2 Knowledge-base Infrastructure Based on the above, we propose a comprehensive Ontology Infrastructure, the components of which will be described in this section. The challenge is that the hybrid nature of multimedia data must be necessarily reflected in the ontology architecture that represents and links multimedia and content layers. Fig. 1 summarizes the developed knowledge infrastructure. Our framework uses RDFS (Resource Description Framework Schema) as modelling language. This decision reflects the fact that a full usage of the increased expressiveness of OWL (Web Ontology Language) requires specialized and advanced inference engines that are still not in mature state, especially when dealing with large numbers of instances with slot fillers. 2

Fig. 1. Ontology Structure Overview

2.1 Ontology Infrastructure The Core Ontology’s role in this overall framework is to serve as a starting point for the construction of new ontologies, to provide a reference point for comparisons among different ontological approaches and to serve as a bridge between existing ontologies. In our framework, we have used DOLCE [8] for this purpose. DOLCE was explicitly designed as a core ontology, is minimal in that it includes only the most reusable and widely applicable upper-level categories, rigorous in terms of axiomatization and extensively researched and documented. Multimedia Ontologies model the domain of multimedia data, especially the visualizations in still images and videos in terms of low-level features and media structure descriptions. Structure and semantics are carefully modelled to be largely consistent with existing multimedia description standards like MPEG-7. Based on MPEG-7’s Visual Part [10] and Multimedia Description Scheme [11], we have created the following two ontologies: The Visual Descriptor Ontology (VDO) [12] contains the representations of the MPEG-7 visual descriptors and models Concepts and Properties that describe visual characteristics of objects. By the term descriptor we mean a specific representation of a visual feature (color, shape, texture, etc) that defines the syntax and the semantics of a specific aspect of the feature (dominant color, region shape, etc). Although the construction of the VDO is tightly coupled with the specification of the MPEG-7 Visual Part, several modifications were carried out in order to adapt to the XML Schema provided by MPEG-7 to an ontology and the data type representations available in RDF Schema. The Multimedia Structure Ontology (MSO) models basic multimedia entities from the MPEG-7 Multimedia Description Scheme and mutual relations like decomposition. MPEG-7 provides a number of tools for describing the structure of multimedia content in time and space.

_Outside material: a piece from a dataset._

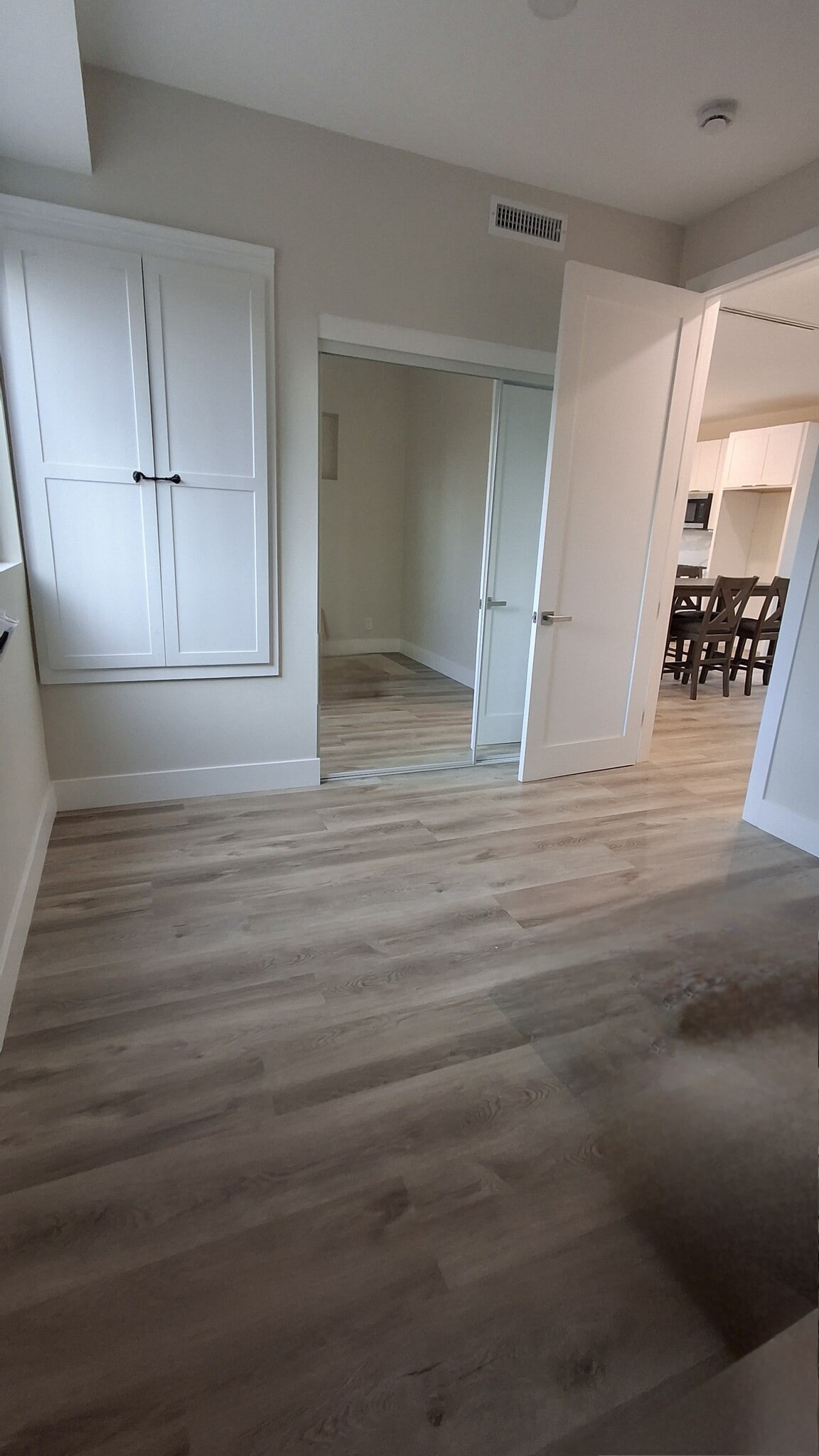 Building Photo - 4377 Charlemont Ave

The Segment DS (Section 11 of [11]) describes a spatial and/or temporal fragment of multimedia content and a number of specialized subclasses are derived from that. These subclasses, that describe specific types of multimedia segments (such as video segments, moving regions, still regions and mosaics), along with their relations, have been modelled inside the MSO. Domain Ontologies, in the multimedia annotation framework, are meant to model the content layer of multimedia content with respect to specific real-world domains, 3

such as sports events like tennis. All domain ontologies are explicitly based on or aligned to the DOLCE core ontology, and thus connected by high-level concepts, what in turn assures interoperability between different domain ontologies at a later stage. They are defined in a way to provide a general model of the domain, with focus on the users´ specific point of view. In general, the domain ontology needs to model the domain in a way that on the one hand the retrieval of multimedia becomes more efficient for the user application and on the other hand the included concepts can also be automatically extracted from the multimedia layer. In other words, the concepts have to be recognizable by automatic analysis methods, but need to remain comprehensible for a human. 2.2 M-OntoMat-Annotizer Framework In order to exploit the ontology infrastructure presented above and annotate the domain ontologies with low-level multimedia descriptors the usage of a tool is necessary. The implemented framework is called M-OntoMat-Annotizer 1 (M stands for Multimedia) [13]. The development was based on an extension of the CREAM (CREAting Metadata for the Semantic Web) framework [9] and its reference implementation, OntoMatAnnotizer2 .For this reason, the Visual Descriptor Extraction Tool (VDE) tool was implemented as a plug-in to OntoMat-Annotizer and is the core component for extending its capabilities and supporting the initialization of ontologies with low-level multimedia features. The VDE plug-in manages the overall low-level feature extraction and linking process by communicating with the other components.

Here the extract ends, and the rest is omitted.